Tiger Brands could be in hot water with the Competition Commission again if the authority's studies into the fishing industry unearth collusion. The commission confirmed yesterday that it might launch an investigation into Sea Harvest, a Tiger Brands subsidiary in the fishing industry.
Sea Harvest, a subsidiary of Brimstone Holdings and Oceana (controlled by Tiger Brands), are on the commission's radar for possible collusion in the pelagic (tinned) fish and hake markets.
Nandi Mokoena, manager of strategy at the commission, said: "The collusion has not been investigated, but we have put together a food study of the entire food sector with focus on those sub-sectors that affect lower income groups such as pelagic fish.
"If we find information that warrants investigation, we will (investigate). However, if we find that the collusion occurred more than three years ago we won't continue with the investigation."

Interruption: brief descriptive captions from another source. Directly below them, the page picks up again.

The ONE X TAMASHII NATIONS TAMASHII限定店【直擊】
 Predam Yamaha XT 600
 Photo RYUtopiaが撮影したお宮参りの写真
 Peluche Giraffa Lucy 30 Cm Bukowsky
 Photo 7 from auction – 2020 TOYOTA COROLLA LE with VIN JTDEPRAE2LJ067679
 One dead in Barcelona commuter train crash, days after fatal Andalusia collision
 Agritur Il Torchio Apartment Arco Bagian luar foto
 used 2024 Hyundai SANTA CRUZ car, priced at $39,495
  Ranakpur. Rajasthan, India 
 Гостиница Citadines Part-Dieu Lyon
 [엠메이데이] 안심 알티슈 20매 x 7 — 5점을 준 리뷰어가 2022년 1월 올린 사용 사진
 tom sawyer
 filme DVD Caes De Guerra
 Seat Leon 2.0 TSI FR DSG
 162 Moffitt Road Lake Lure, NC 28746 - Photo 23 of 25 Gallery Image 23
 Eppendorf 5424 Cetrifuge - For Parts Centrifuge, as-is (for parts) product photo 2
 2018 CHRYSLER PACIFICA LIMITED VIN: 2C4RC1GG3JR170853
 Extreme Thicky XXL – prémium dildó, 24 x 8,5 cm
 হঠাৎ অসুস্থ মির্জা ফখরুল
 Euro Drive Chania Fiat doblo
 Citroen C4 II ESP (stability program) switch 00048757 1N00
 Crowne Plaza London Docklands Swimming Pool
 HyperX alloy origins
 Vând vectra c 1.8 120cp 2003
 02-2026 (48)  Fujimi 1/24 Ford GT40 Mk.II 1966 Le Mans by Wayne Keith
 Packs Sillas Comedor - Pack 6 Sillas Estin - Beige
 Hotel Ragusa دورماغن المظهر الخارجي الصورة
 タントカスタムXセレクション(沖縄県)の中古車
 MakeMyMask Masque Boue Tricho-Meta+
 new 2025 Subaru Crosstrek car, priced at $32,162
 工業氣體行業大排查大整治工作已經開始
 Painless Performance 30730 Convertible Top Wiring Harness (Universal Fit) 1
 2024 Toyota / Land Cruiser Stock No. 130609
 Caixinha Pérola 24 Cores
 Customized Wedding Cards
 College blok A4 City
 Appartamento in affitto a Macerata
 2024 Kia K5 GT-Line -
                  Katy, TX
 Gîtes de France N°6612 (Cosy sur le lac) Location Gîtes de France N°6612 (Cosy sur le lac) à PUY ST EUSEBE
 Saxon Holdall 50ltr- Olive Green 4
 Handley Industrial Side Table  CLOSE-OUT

Last year Brimstone announced its intention to acquire Tiger Brand's 70percent stake in Sea Harvest for R541million. Brimstone already had 20percent in Sea Harvest. Tiger also owned a dominant 38percent stake in Oceana.
During the Competition Tribunal hearings, it emerged that Sea Harvest employees had complained that there was collusion between the two entities.
Hardin Ratshisusu, a manager at the commission, recommended the acquisition of Sea Harvest from Tiger Brands be approved by the tribunal on the grounds that the shift in shareholding would lessen Tiger's hold on the industry and increase competition.
While the merger was approved, concerns were raised that Brimstone would still have a seat on the board of Oceana while controlling Sea Harvest, leading to openings for information sharing.